Task to complete: Only the lines from the start of the entries through the line with "man and woman doing yoga indoors" should be returned, each exactly as it stands, and no pictures.
Extracted records START
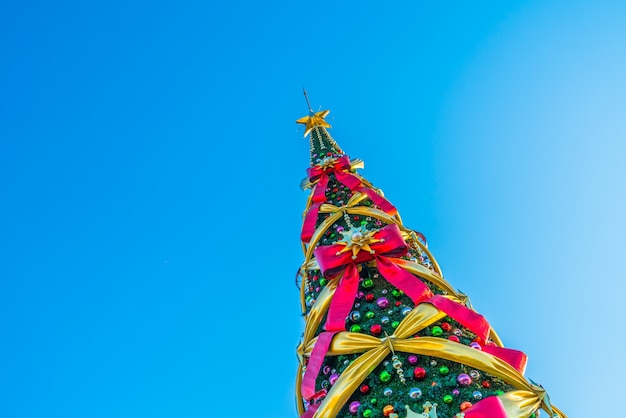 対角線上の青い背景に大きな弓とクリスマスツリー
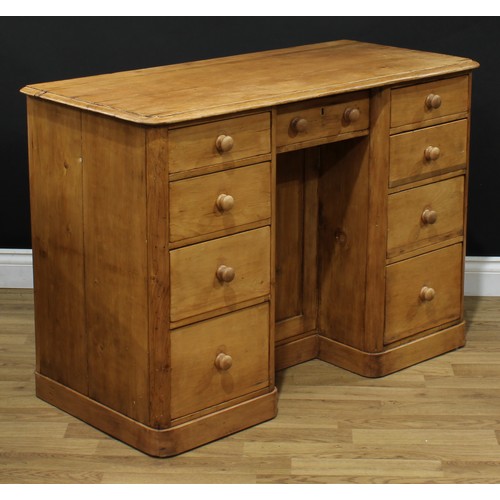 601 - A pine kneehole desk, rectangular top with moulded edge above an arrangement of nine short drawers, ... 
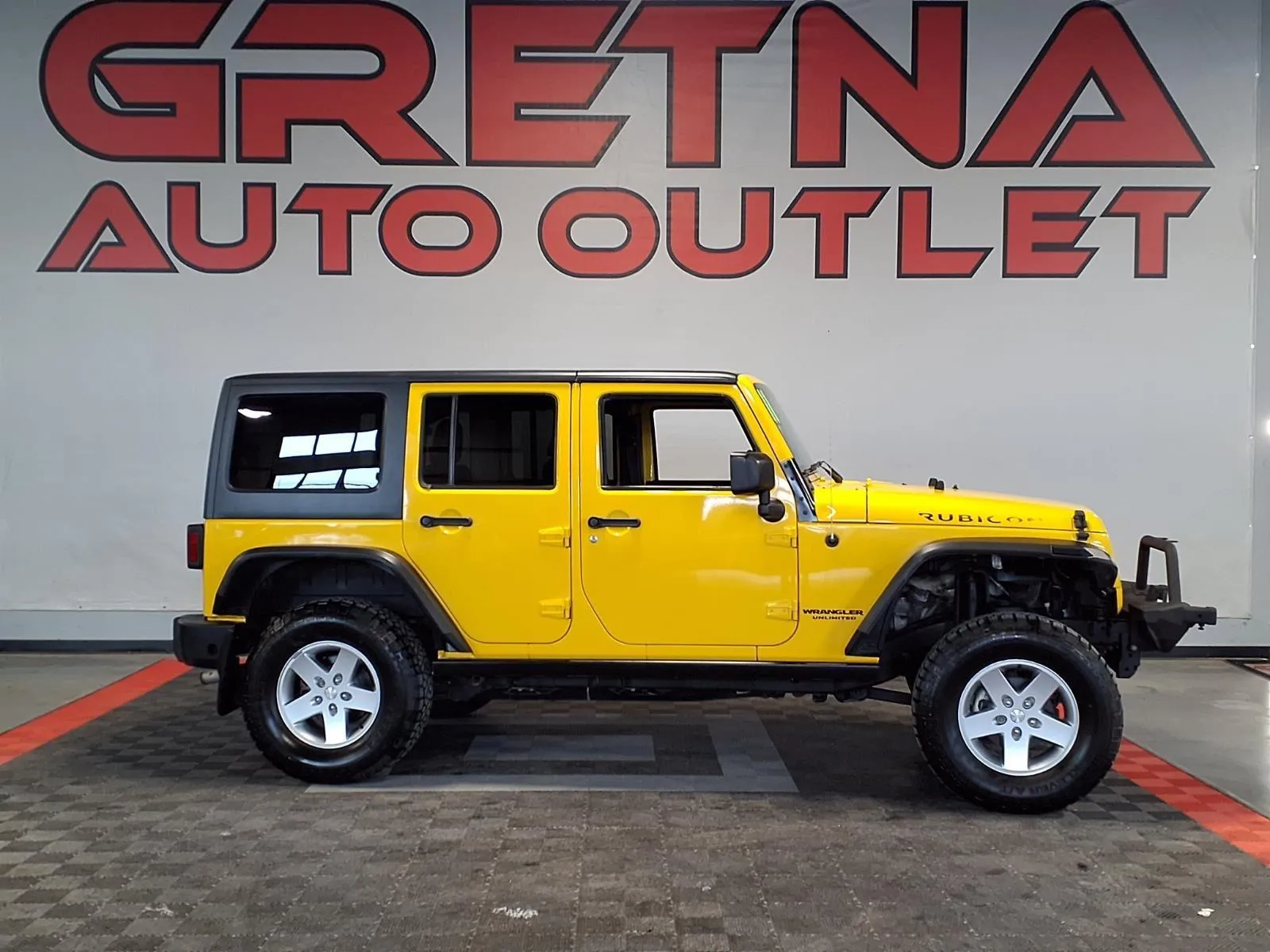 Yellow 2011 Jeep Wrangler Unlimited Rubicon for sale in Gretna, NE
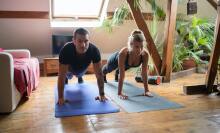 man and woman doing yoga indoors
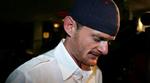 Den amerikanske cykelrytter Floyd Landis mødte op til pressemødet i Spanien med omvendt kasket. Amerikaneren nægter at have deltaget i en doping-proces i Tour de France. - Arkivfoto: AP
Extracted records END
Output for this exercise:
 対角線上の青い背景に大きな弓とクリスマスツリー
 601 - A pine kneehole desk, rectangular top with moulded edge above an arrangement of nine short drawers, ... 
 Yellow 2011 Jeep Wrangler Unlimited Rubicon for sale in Gretna, NE
 man and woman doing yoga indoors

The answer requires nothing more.